* Assignment *
This exercise requires an exact output of the listing, images omitted.

* Recorded data *
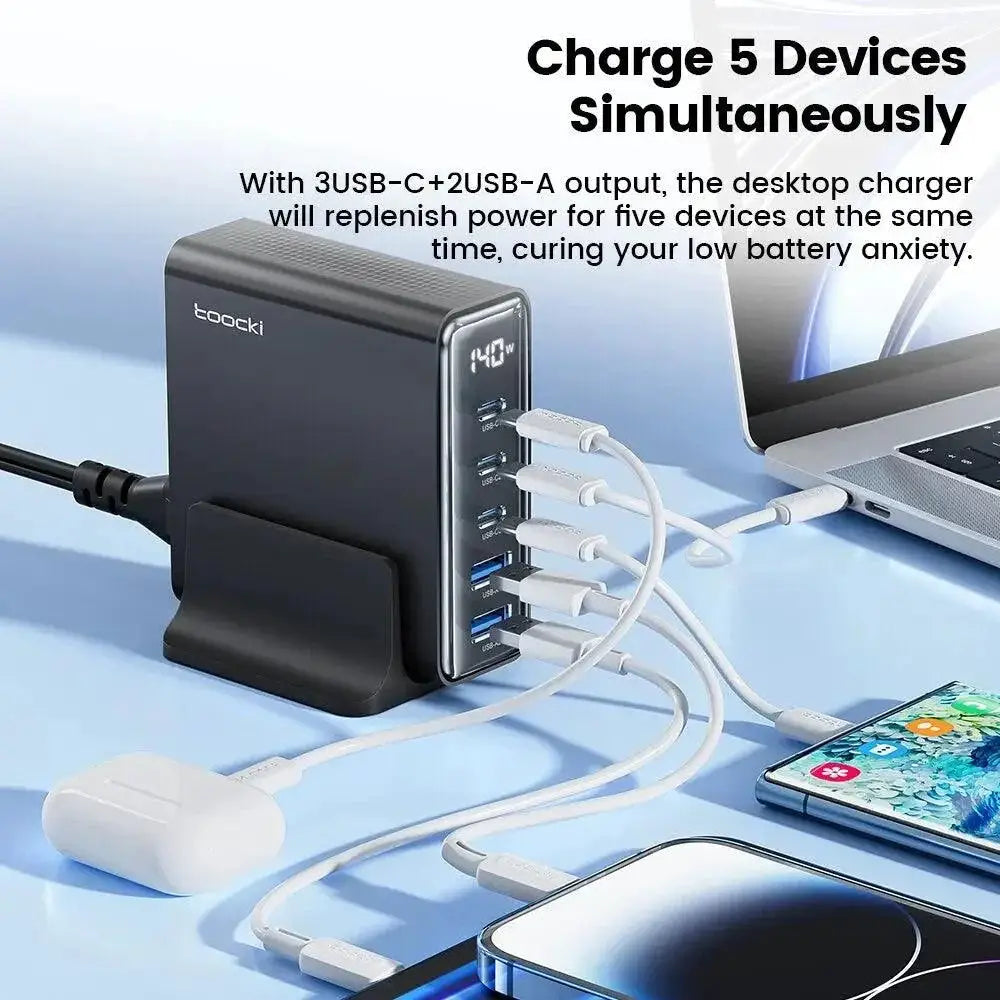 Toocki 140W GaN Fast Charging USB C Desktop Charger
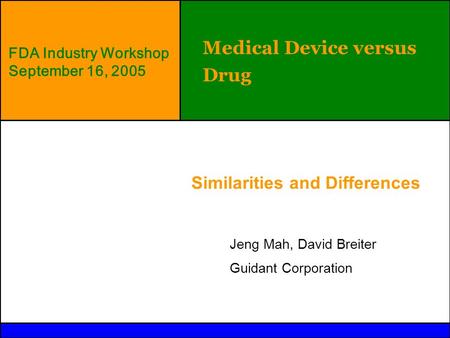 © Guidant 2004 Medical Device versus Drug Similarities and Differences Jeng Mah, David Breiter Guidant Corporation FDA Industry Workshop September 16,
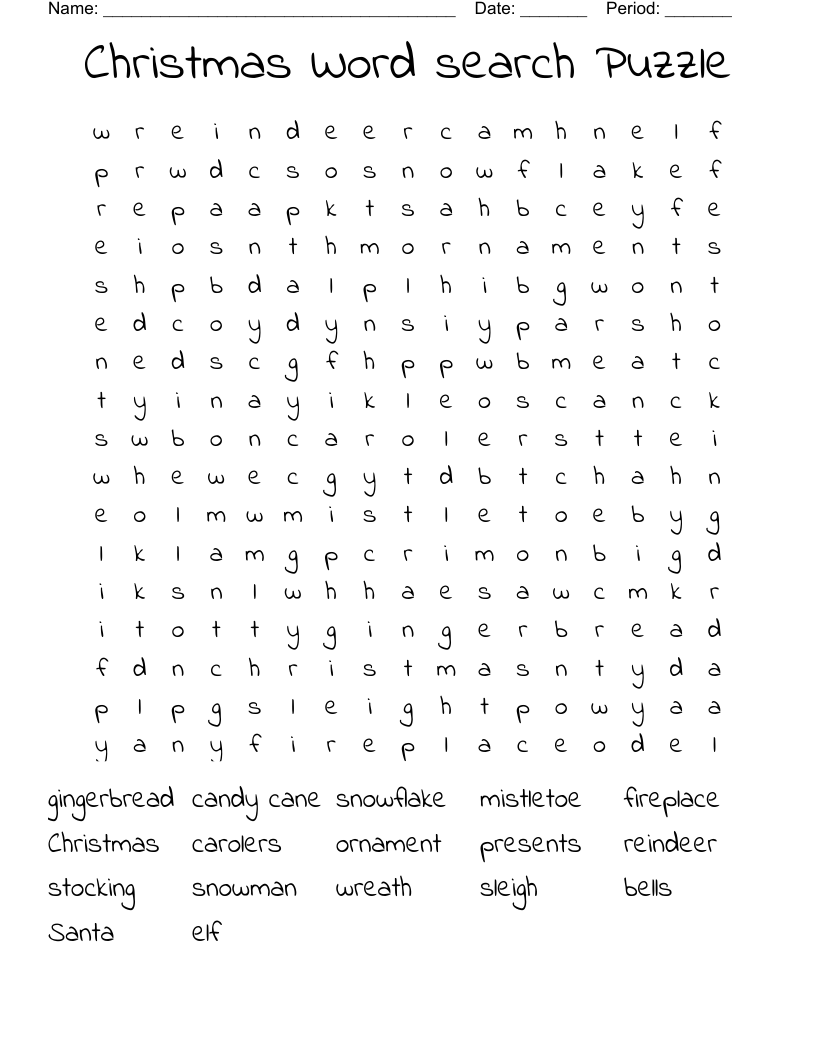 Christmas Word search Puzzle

* Answer for the task *
 Toocki 140W GaN Fast Charging USB C Desktop Charger
 © Guidant 2004 Medical Device versus Drug Similarities and Differences Jeng Mah, David Breiter Guidant Corporation FDA Industry Workshop September 16,
 Christmas Word search Puzzle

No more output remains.